Repeat the records exactly. Leave out the pictures.
:: SUPPLIED DATA
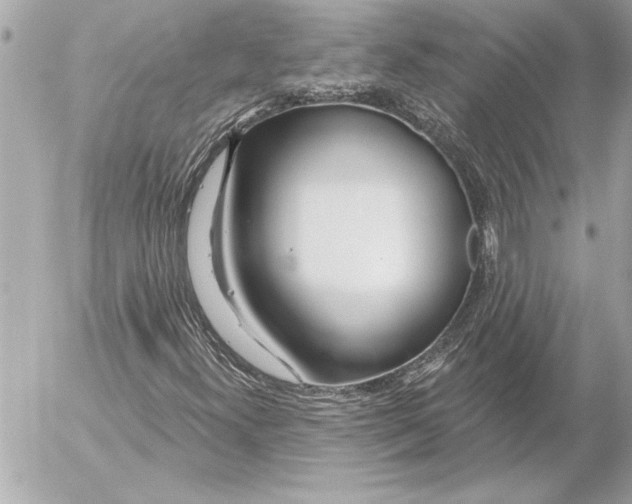 X0000054461300200508191652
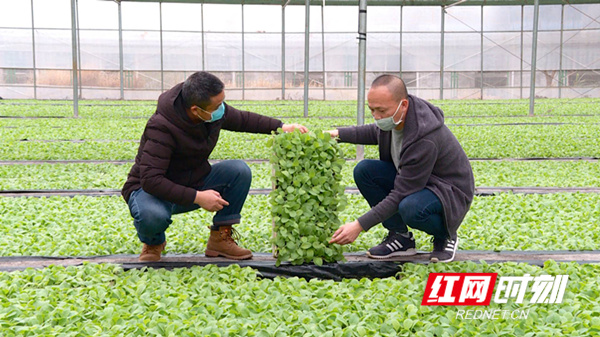 2abe9967-b88c-4951-9669-53a397c52ee6_??.jpg 2abe9967-b88c-4951-9669-53a397c52ee6_??.jpg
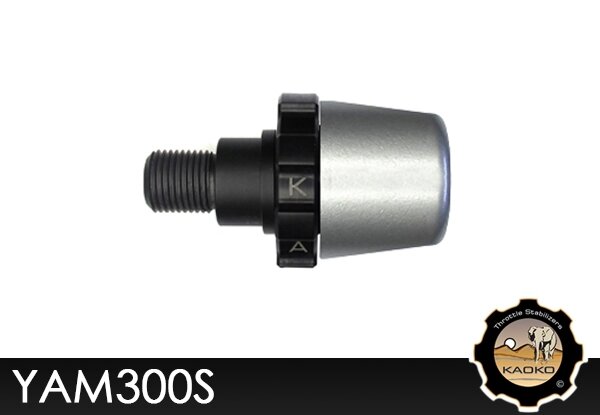 Kaoko YAM300S Cruisecontrol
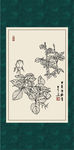 白描月季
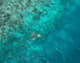 Snorkeling around the reef of NOVA Maldives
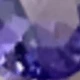 Violet Purple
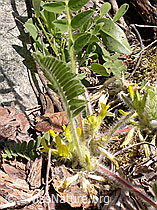 Photo: Stengelloser Tragant, ganze Pflanze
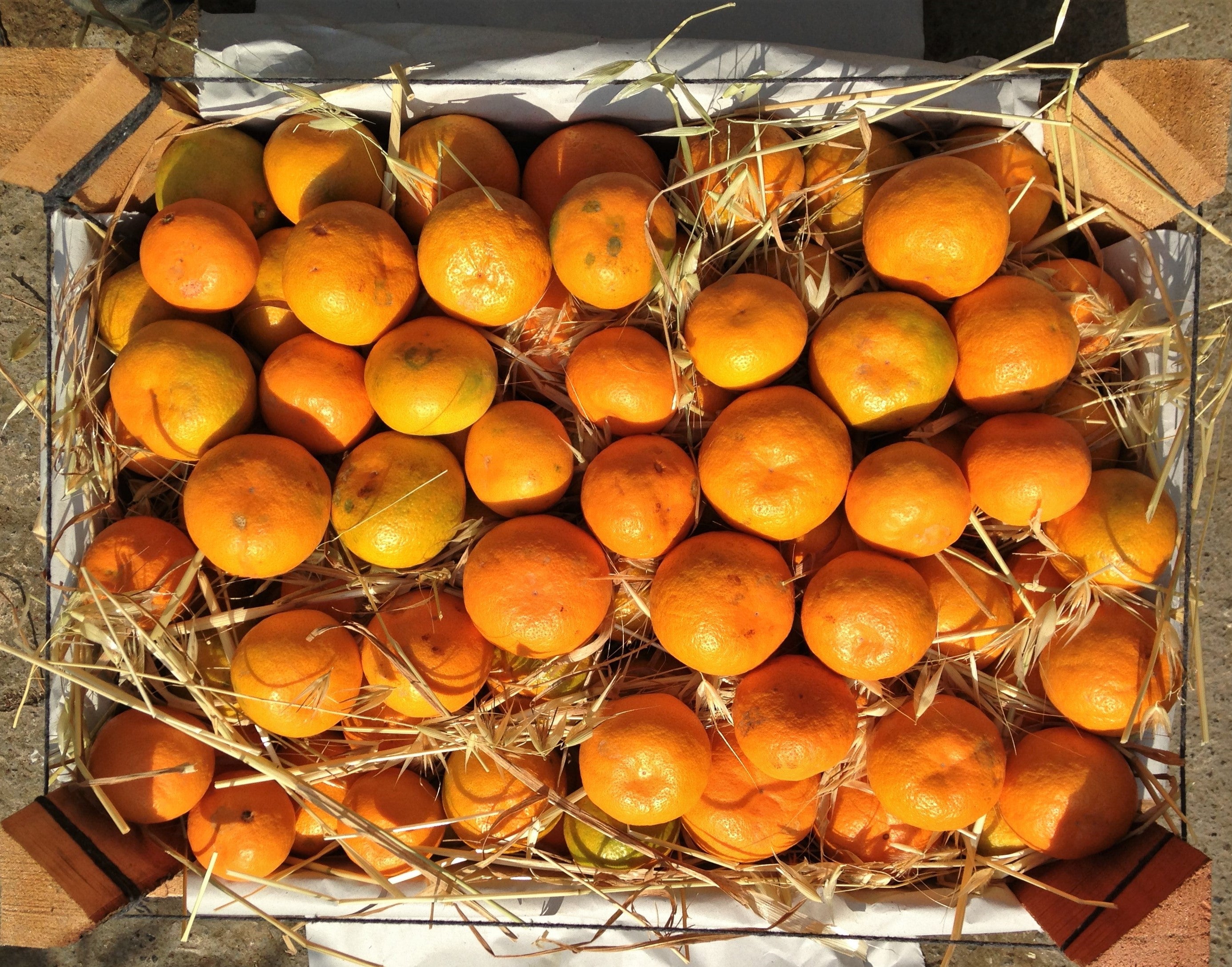 İşlevsel Ormanlar Pazar Yeri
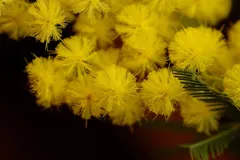 DSCN4513_JPG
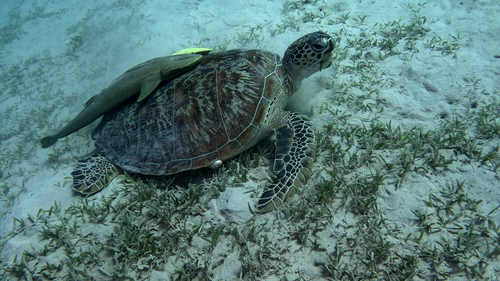 Green Sea Turtle — seen at this dive site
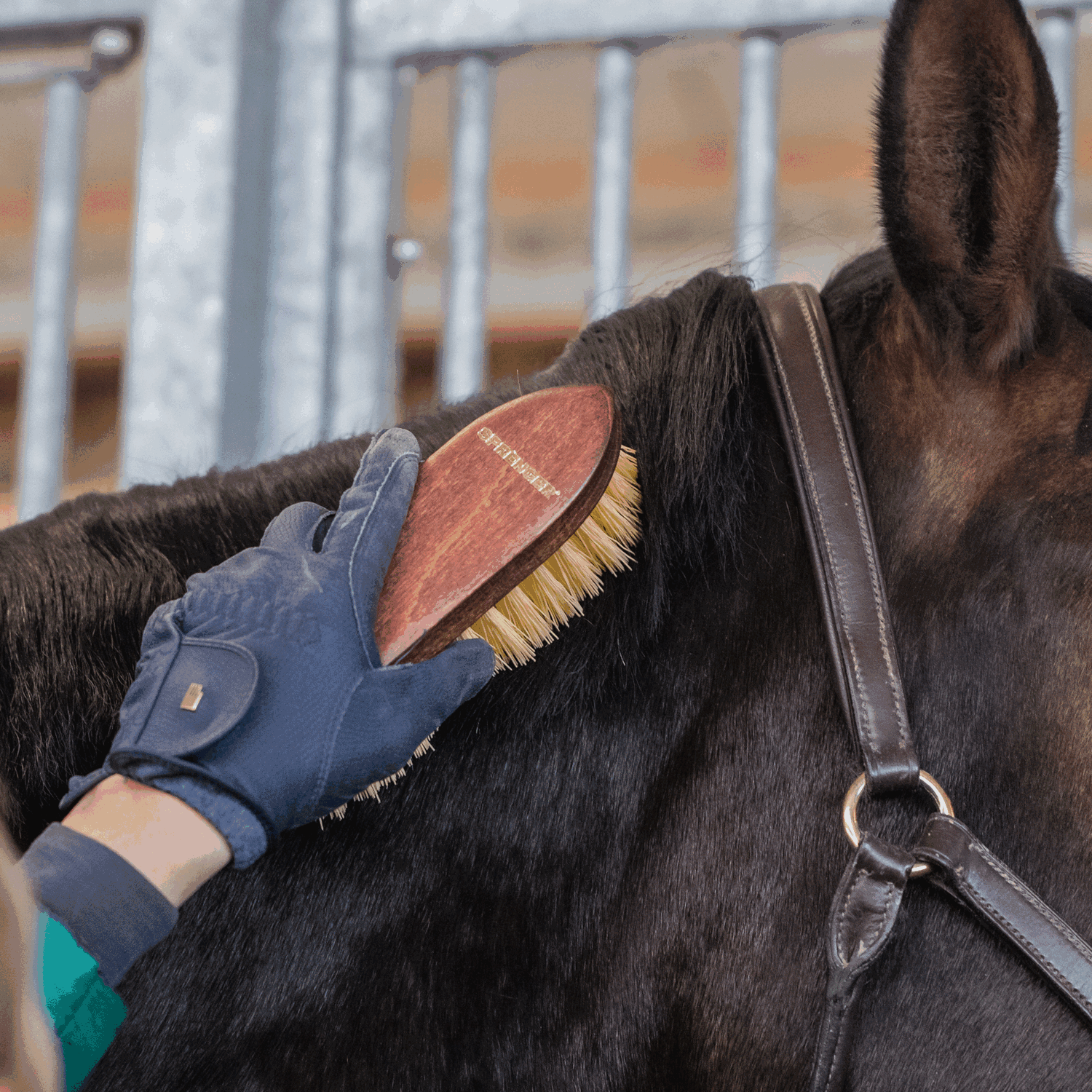 Wurzelbürste Perlon Borsten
::::
_RESPONSE TO THE EXERCISE_:
 X0000054461300200508191652
 2abe9967-b88c-4951-9669-53a397c52ee6_??.jpg 2abe9967-b88c-4951-9669-53a397c52ee6_??.jpg
 Kaoko YAM300S Cruisecontrol
 白描月季
 Snorkeling around the reef of NOVA Maldives
 Violet Purple
 Photo: Stengelloser Tragant, ganze Pflanze
 İşlevsel Ormanlar Pazar Yeri
 DSCN4513_JPG
 Green Sea Turtle — seen at this dive site
 Wurzelbürste Perlon Borsten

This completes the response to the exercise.